* **Work item**: Should the entries contain pictures, leave them out and return exactly the lines from the first through the line holding "Hillerødvej 43, Tulstrup, 3400 Hillerød".

* **Data to use**:
== Segment start ==

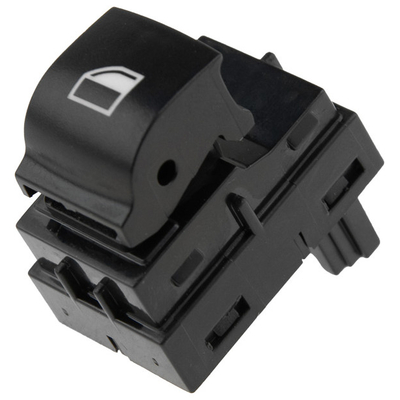 BMW F07 2009+ /F10-11 2010+ F01/02/03/04 2008+ ΜΟΝΟΣ 4PIN ΔΙΑΚΟΠΤΗΣ ΠΑΡΑΘΥΡΩΝ orig.61319241949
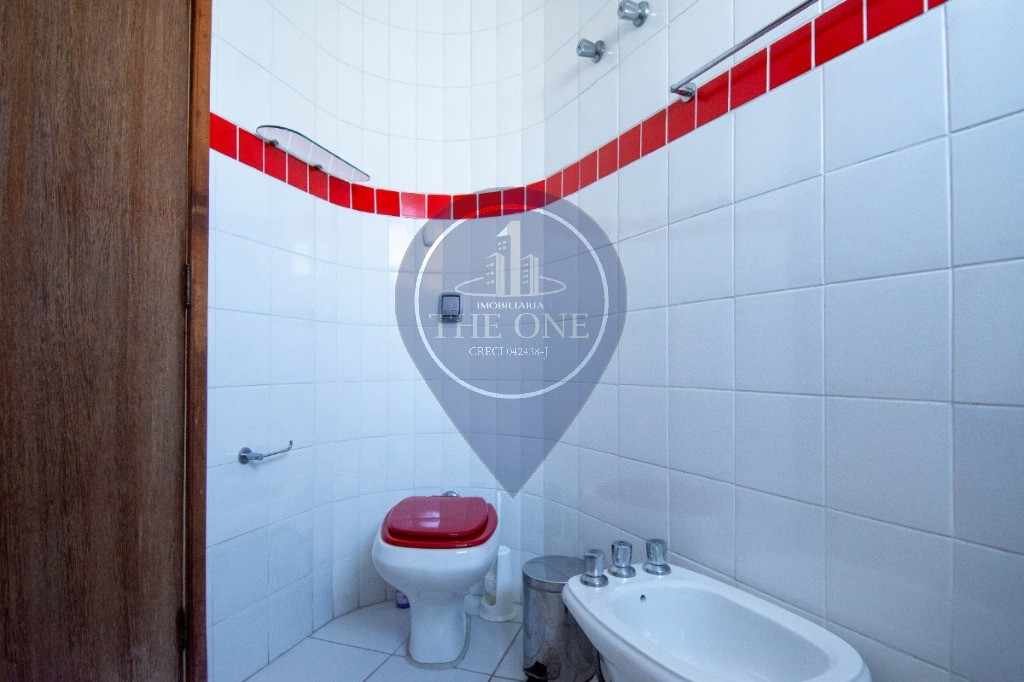 Apartamento, 4 quartos, 209 m² - Foto 45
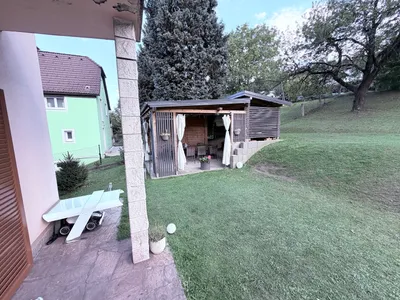 7-Zimmer-Haus kaufen in Leoben – 148 m², € 415.000 – Bild 4 von 30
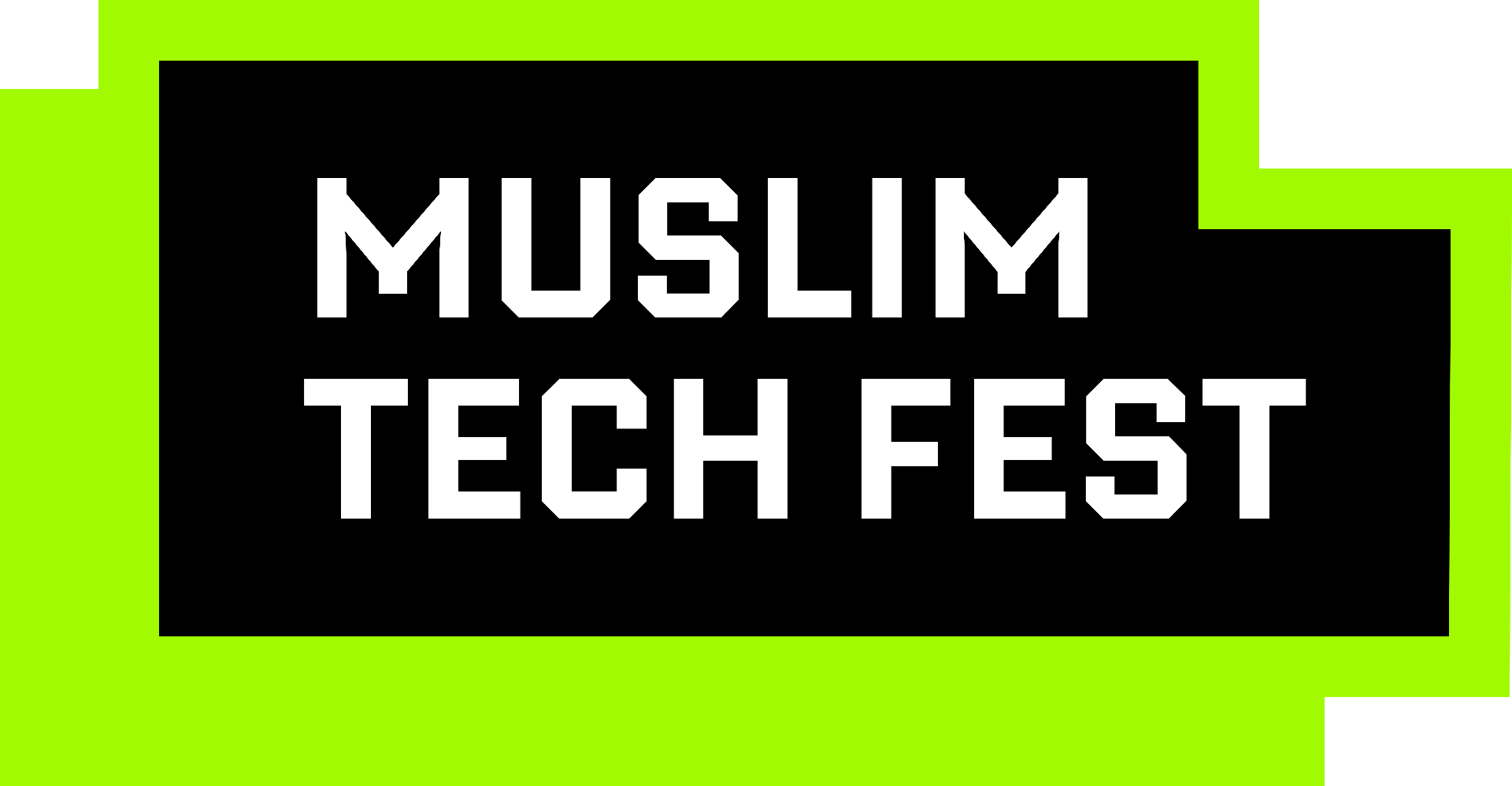 Muslim Tech Fest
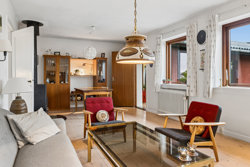 Hillerødvej 43, Tulstrup, 3400 Hillerød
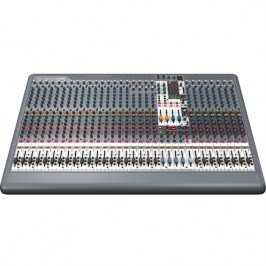 behringer-xenyx-xl3200-1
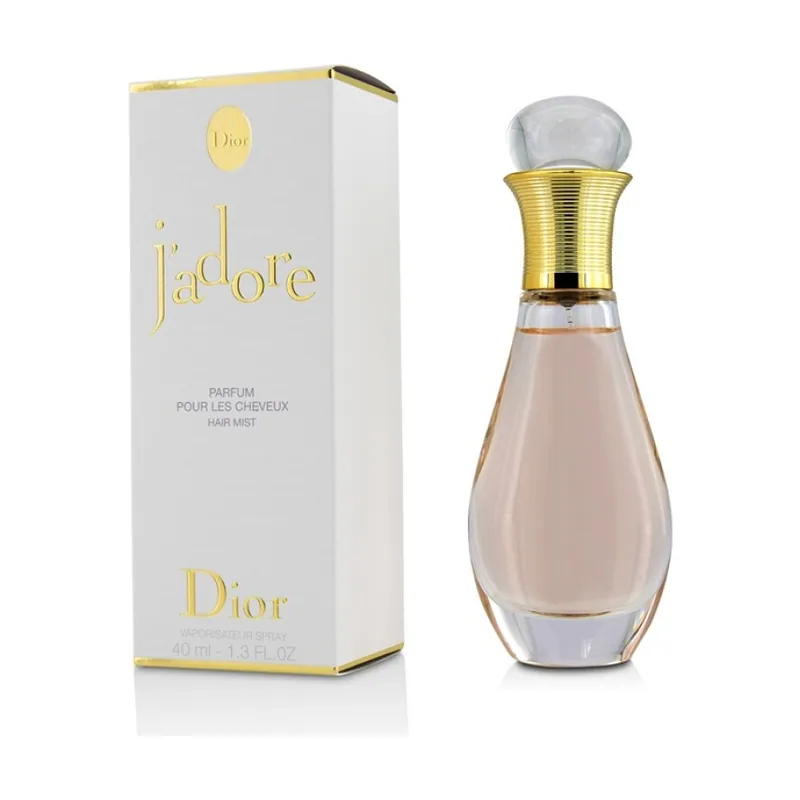 Dior Jadore Parfum Pour LES Cheveux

== Segment end ==

* **Solution to the exercise**:
 BMW F07 2009+ /F10-11 2010+ F01/02/03/04 2008+ ΜΟΝΟΣ 4PIN ΔΙΑΚΟΠΤΗΣ ΠΑΡΑΘΥΡΩΝ orig.61319241949
 Apartamento, 4 quartos, 209 m² - Foto 45
 7-Zimmer-Haus kaufen in Leoben – 148 m², € 415.000 – Bild 4 von 30
 Muslim Tech Fest
 Hillerødvej 43, Tulstrup, 3400 Hillerød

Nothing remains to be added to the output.